![]() |
Fotografia: Nego Miranda |
moeurs contemporains
Oh boy!
I usually only get this excited
when they say the title of a movie
in the movie.
(Peter Griffin)
em meio à dor dos livros
a carne é triste
hélas
e tudo que eu diria
não daria sequer
metade de tudo
que eu diria
(sob as tramas do dia
o bairro chinês plaina
por sobre o metropolitano
que nunca se entrega às nossas vistas)
e é ríspido esse púrpura violento
de fanta uva pousada sobre a mesa
ou recordar tua mão
num cigarro perdido
e ao fundo uma sirene de bombeiros
como inventar uns versos
e dizer que não são meus
l’infini du ciel
c’est l’azur
le plus
blasé
porque de fato
não
são
a voz
Um abutre farto do abismo
pousa entre postes
enquanto aguarda
sua eletrocussão
*
é como aquela
palavra que escapa
e desliza sobre outra
palavra que
escapole
e teima em apontar
outra palavra e mais
outra
até que só nos resta
o silêncio ou o belo
dum
putamerda
e ali carinhosamente aninhar
o desencontro da língua
no desencontro do mundo
metáfora
é esta definição
da vida média de uma
macroestrela
ou a cadência
em que me
digo
que estou
vivo?
*
Horácio não falava da ressaca
que nós contemporâneos tanto temos
o barco afunda e longe vão-se os remos
que lançamos ao mar — aquela vaca
hoje mesmo o poeta mais babaca
escreve algum soneto mais ou menos
feito um bukowski
entoando trenos
pelo poder do deus que o contra-ataca
por certo esses romanos se bebiam
tanto nos seus banquetes literários
imunes logo eram ou então
ao menos literariamente e não
curtiam despender os seus erários
além do carpe diem
ou mentiam?
ou mentiam?
guilherme gontijo flores (Brasília, 1984) é poeta, professor e tradutor. estreiou com os poemas de brasa enganosa (2013, finalista do Portugal Telecom) e o poema-site Tróiades - remix para o próximo milênio (www.troiades.com.br), que constituem as duas primeira partes de um projeto maior intitulado Todos os nomes que talvez tivéssemos.

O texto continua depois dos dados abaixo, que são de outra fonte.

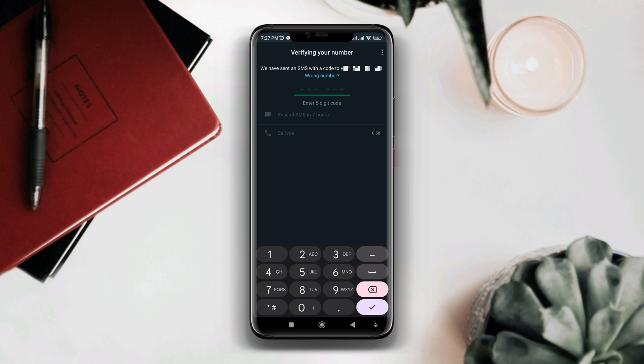So in this video, I'll show you how you can receive the WhatsApp verification code on your Android device just in a minute. So let's get started.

Publicou traduções de As janelas, seguidas de poemas em prosa franceses, de Rainer Maria Rilke (em parceria com Bruno D'Abruzzo), e d'A anatomia da melancolia, de Robert Burton, em 4 volumes (prêmio APCA e Jabuti de melhor tradução) e das Elegias de Sexto Propércio (2014), dentre outros. participa do blog-revista coletivo escamandro (www.escamandro.wordpress.com). Os poemas aqui publicados fazem parte de l'azur Blasé, ou ensaio de fracasso sobre o humor, livro que saíra em breve pela Kotter Editorial, o terceiro da tetralogia.